- Banket Location within Zimbabwe
- Coordinates: 17°23′S 30°24′E﻿ / ﻿17.383°S 30.400°E
- Country: Zimbabwe
- Province: Mashonaland West
- District: Zvimba District
- Elevation: 1,274 m (4,180 ft)

Population (1982)
- • Total: 5,698
- estimated
- Time zone: UTC+2 (CAT)

= Banket, Zimbabwe =

Banket (originally known as Banket Junction) is a town in the province of Mashonaland West, Zimbabwe. It is located about 95 km north-west of Harare on the main Harare-Chinhoyi road. According to the 1982 Population Census, the town had a population of 5,698. The name of the town is derived from banket rock formation: early settlers saw a conglomerate, which they hoped would bear gold, like the banket of the Witwatersrand gold fields. The conglomerate was not gold-bearing, although gold was late discovered and, along with chromite, is still mined in the area. Cattle, maize, cotton and tobacco are commercially farmed in the area.

Banket grew as a service centre for the surrounding mines and commercial farms, and has suffered from the downscaling of chromite mining in Zimbabwe. The town further suffered from the expropriation of white-owned commercial farms in the controversial land reform programme that began in 2000. The town's main source of income and business clientele, the farmers and businesspeople, all but disappeared from the scene, leading to a loss of business and income. The settlers who took over the farms failed to fill the gap created by the demise of commercial farms. This led to the collapse of retail businesses and the few industries that were in the town.

The town has three primary schools (Kuwadzana, St Georges and Banket Primary) and two secondary schools (Kuwadzana High School and the Catholic-church-owned Sacred Heart Secondary School). It has a district hospital and a council clinic. The town grew primarily because of its role as a service centre for surrounding commercial farms and mining settlements. Mazvikadei Dam is also located north of Banket.

==Government and politics==
Before the 1992 amalgamation of the rural councils, which managed mainly commercial farm land, and district councils, which managed mainly land held under traditional tenure, Banket-Trelawney Rural Council (BTRC) ran the small town. Services were good and infrastructure was solid . But there was a discrepancy in the level and quality of services between the white commercial farms and mainly white low density suburbs and the black high-density, low-income residential township of Kuwadzana. The amalgamation resulted in the creation of the Zvimba Rural District Council (ZRDC), with the head office being located at Murombedzi growth point. Crispen Kadhoza (ZANU-PF) served as councillor for Banket in ZRDC until losing ZANU-PF primary elections in 2008, and could therefore not represent the party in the electoral contest of 29 March, which was won by the MDC's Fanuel Tembo and Emmanuel Chinanzvavana who became the councillors for the two wards.

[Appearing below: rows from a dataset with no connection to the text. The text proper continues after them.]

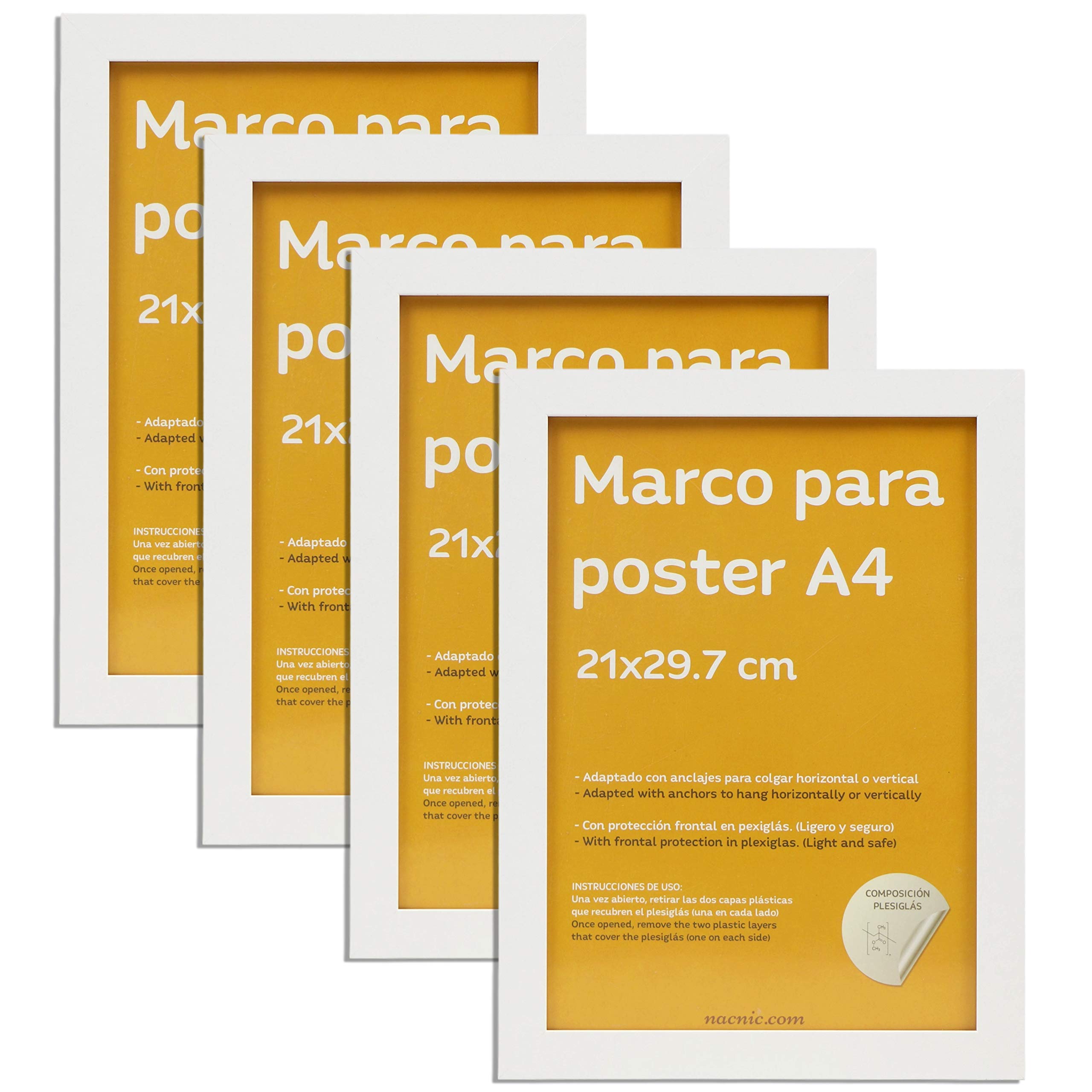 Nacnic Set of 4 strong classic photo frames to protect and display photos, diplomas, posters, art prints. Several sizes and colours. White, size A4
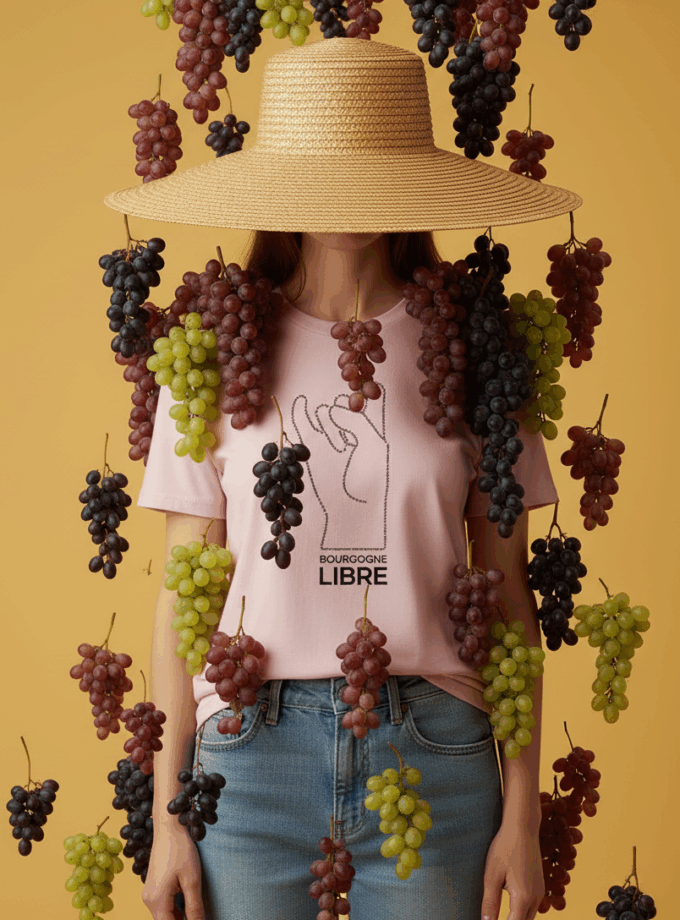 T-shirt de couleurs unisexe en coton biologique - BOURGOGNE LIBRE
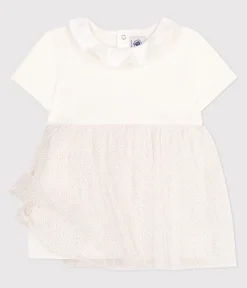 Petit Bateau Kleider*Kurzärmeliges Baby-Kleid aus Baumwolle und Tüll mit Halskrause weiss MARSHMALLOW/rosa COPPER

In 2008 Banket gained international fame following a series of politically motivated abductions of supporters of the opposition party. These included the councillors Fanuel Tembo, Emmanuel Chinanzvavana, his wife Concillia Chinanzvavana and an infant who was abducted with the mother. The abductees were later found in police custody after weeks of police denying knowledge of their whereabouts.

In 2007 the local government minister announced plans to turn the administration of Banket over to a town management board, which would put Banket in the same class as such urban centres as Ruwa, Chirundu and Hwange.

==Sport==
Banket used to boast a soccer team known as Banket United, or simply B.U. and more recently Dzinza. The team reached as high as Soccer Division One but never made it to the Premier Soccer League.